La critica femminista ha accusato l'umanesimo di aver costruito una cultura falsamente neutra
rispetto al genere sessuale, quando invece e generalizzatamente ci si sarebbe in realtà sempre
riferiti ad un idea di uomo maschio.
"La vita civilizzata pone l'uomo a riferimento di se stesso", questo sembra dirci quindi la critica
femminista. L'uomo, adulto, maschio, etero, lavoratore... L'immagine di quest'uomo e la sua
dimensione diventa unità di misura dell'ambiente, dell'infanzia e della vecchiaia, delle donne e
dei non eterosessuali, dei non occupati... di tutto ciò che, a lui rapportato, perde il senso
proprio e ne acquisisce uno arbitrario e variamente coniugato in sfruttamento, umano e
ambientale, in sperequazione economica, sopruso, crudeltà o semplice ignoranza.

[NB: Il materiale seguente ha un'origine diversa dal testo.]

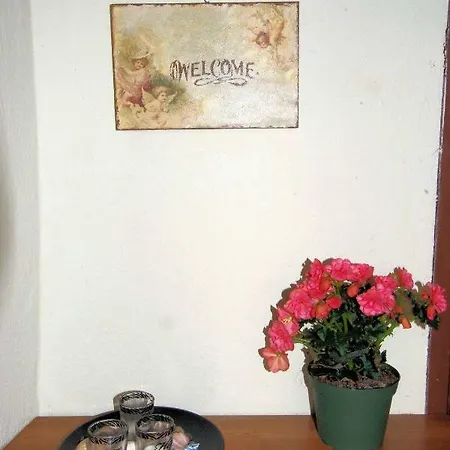 Eveline House * Kallirakhi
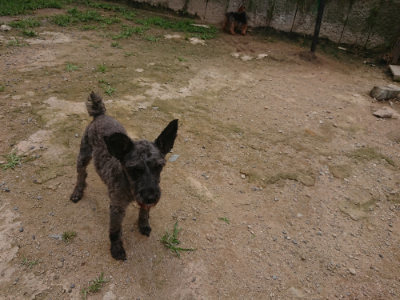 f:id:roukenhome-ann:20190705202827j:plain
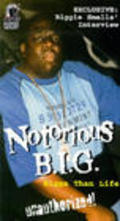 Movies Notorious B.I.G.: Bigga Than Life poster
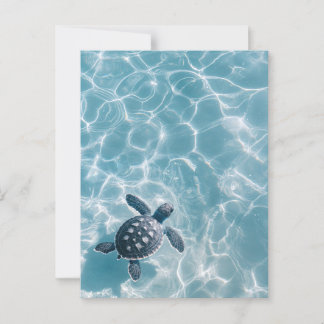 Baby Sea Turtle in Clear Water Postcard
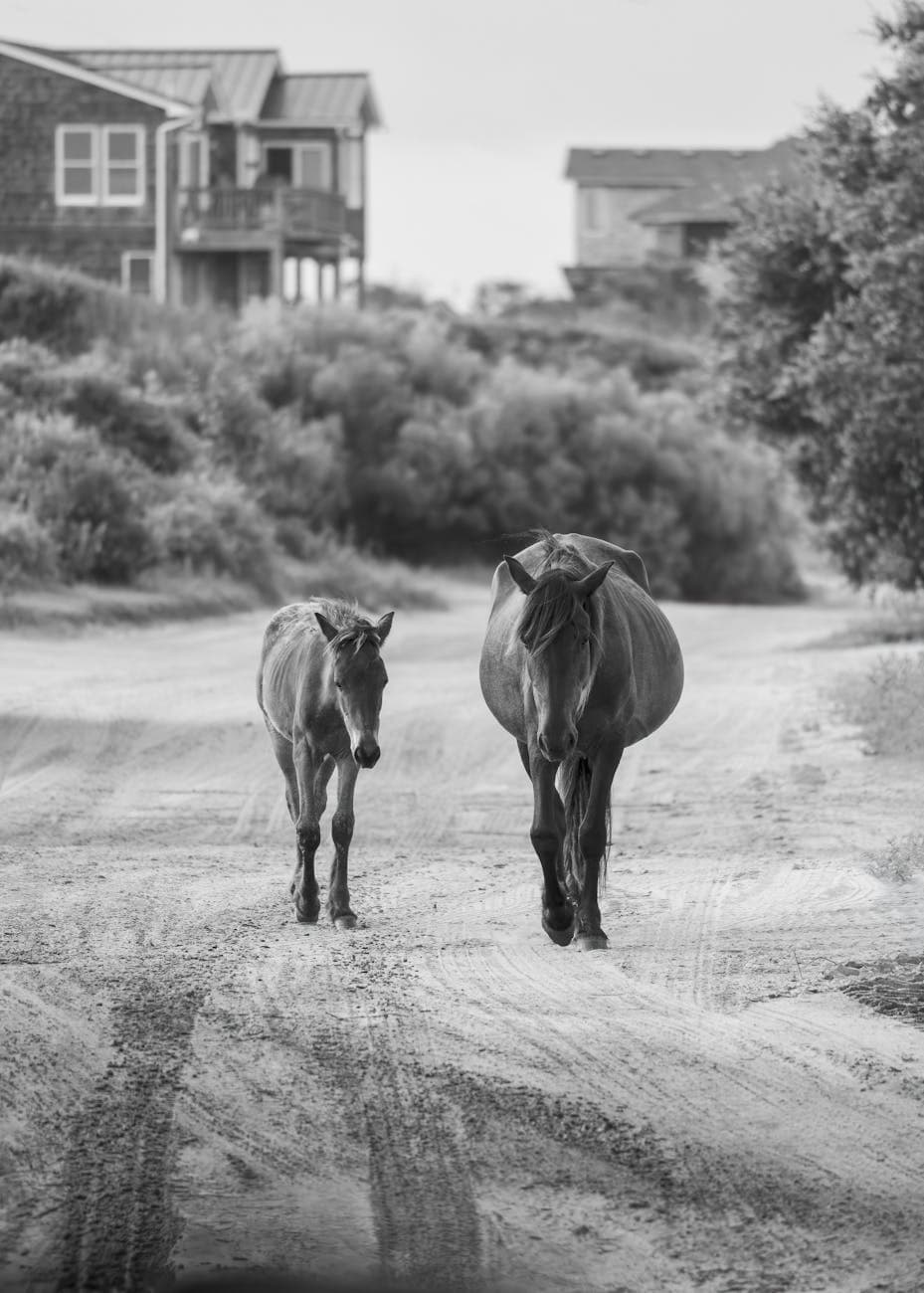 Shackleford Banks (wild horses)
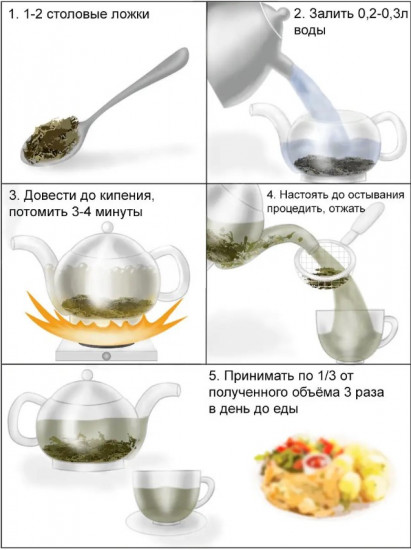 Хвоща полевого трава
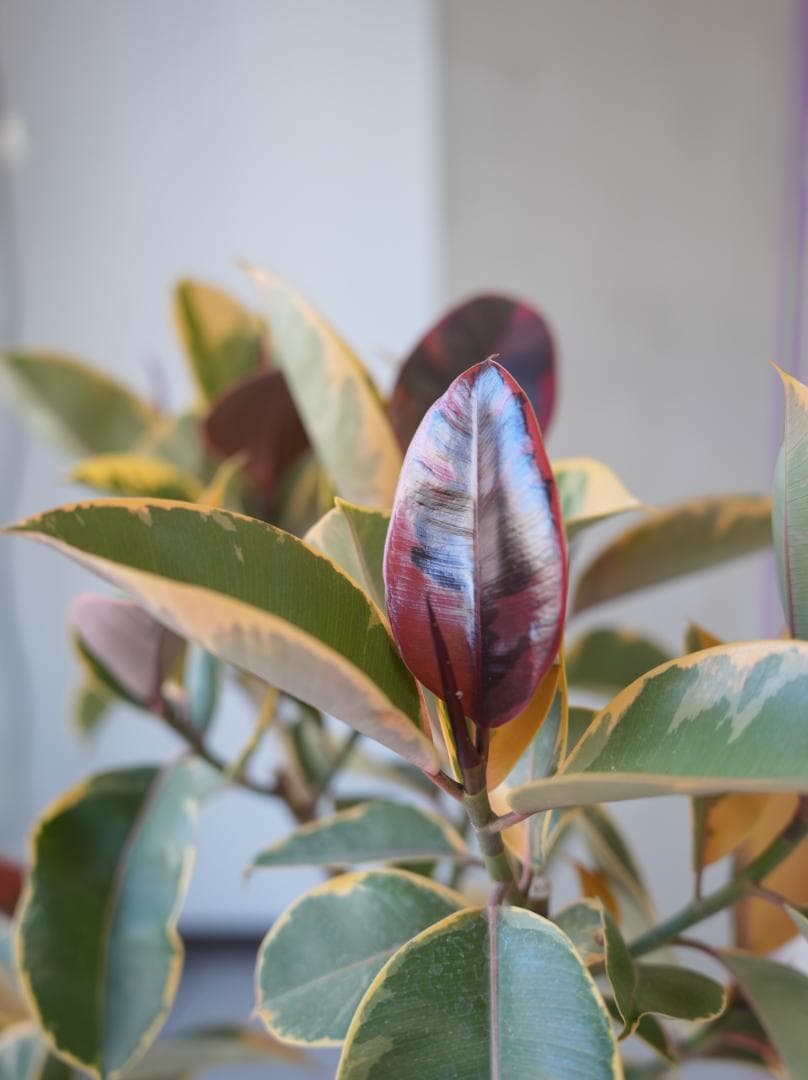 フィカスルビー 7号｜一点限り｜観葉植物販売 mamidori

Attenti però a non attribuire questa immagine alla maschilità di per sé. Non è "colpa dell'uomo"
ma della dimensione individualista cui tutti, uomini e donne, ci conformiamo per scarsa
vitalità e salute.
L'uomo patisce la condizione individualista esattamente come tutte le sue "vittime".
"L'unità di misura" è metro di se stesso, in primo luogo, e ciò gli conferisce come una
sorta di opacità. Si inganna, chiama edonismo i passatempi per la sua noia. Chiama
relazioni ciò che resta di fianco e attraverso il suo fondamentale narcisismo. Ma quei
passatempi sono solo le perniciose sfaccettature del suo stile di vita, che si riduce,
quindi, ad un monocorde e complessivo "autolesionismo normalizzato".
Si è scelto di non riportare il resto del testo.